*YOUR INSTRUCTIONS*: The answer must be an exact copy of the lines from the one with "로로피아나 뉴포트 워크 스니커즈 / 브라운 [매장가132만원대]" through the final line below, with no pictures and nothing else.

*MATERIAL TO PROCESS*:

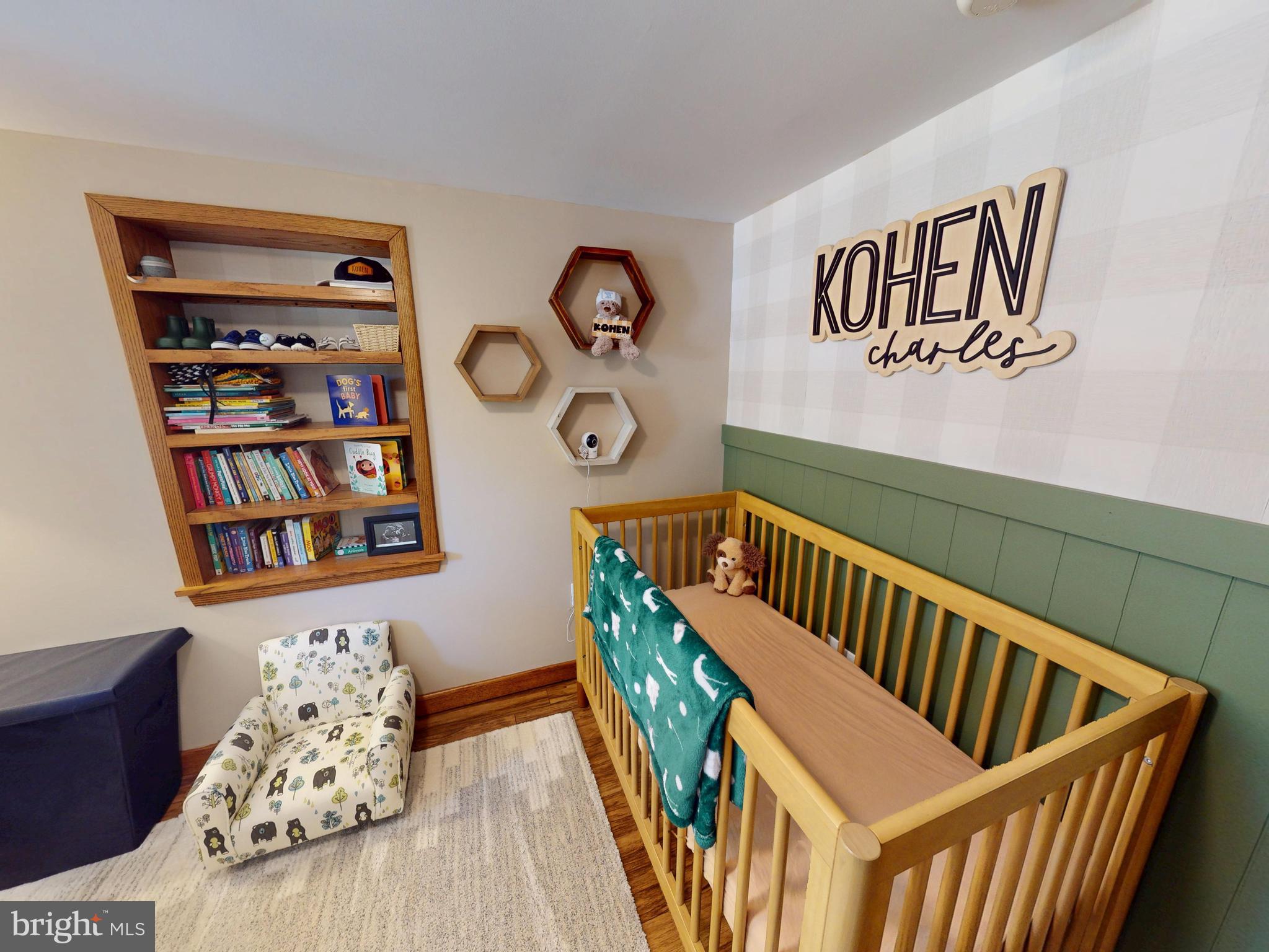 619 N PENNSYLVANIA AVENUE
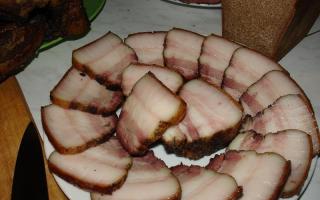 How to cook bacon in a slow cooker - recipes with a photo boiled, in onion peels, with soy sauce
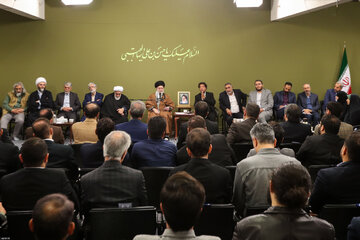 رهبر انقلاب: دوره کنونی زمینه پرورش سعدی، حافظ و نظامی را دارد/ گسترش شاعران متعهد و انقلابی جوان امید آفرین است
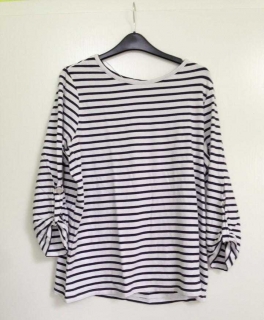 Gestreiftes Oberteil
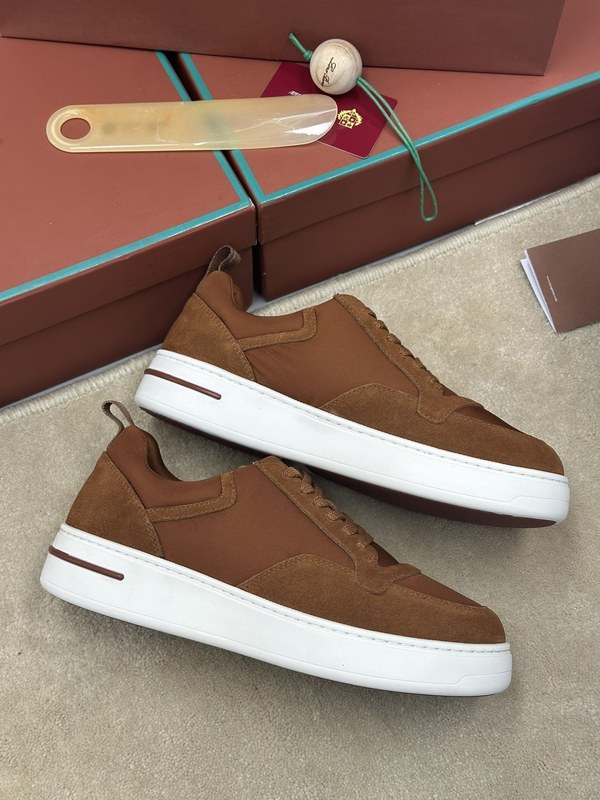 로로피아나 뉴포트 워크 스니커즈 / 브라운 [매장가132만원대]
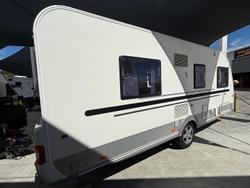 2018 Adria Altea 552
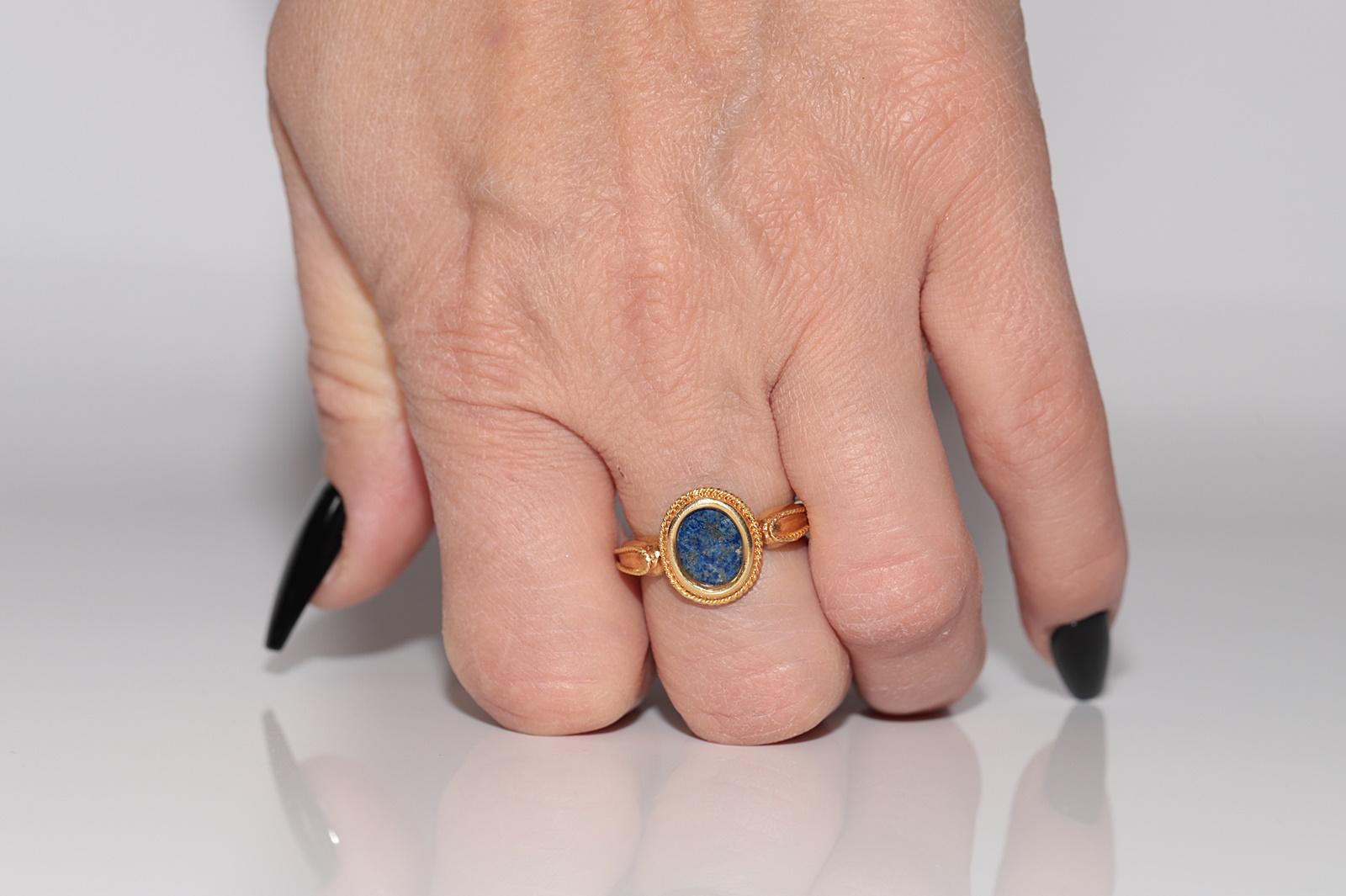 Vintage Circa 1990er Jahre 18k Gold Natur Ovalschliff Vintage  Lapis verzierter Solitär-Ring (Retro) im Angebot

*EXERCISE RESPONSE*:
 로로피아나 뉴포트 워크 스니커즈 / 브라운 [매장가132만원대]
 2018 Adria Altea 552
 Vintage Circa 1990er Jahre 18k Gold Natur Ovalschliff Vintage  Lapis verzierter Solitär-Ring (Retro) im Angebot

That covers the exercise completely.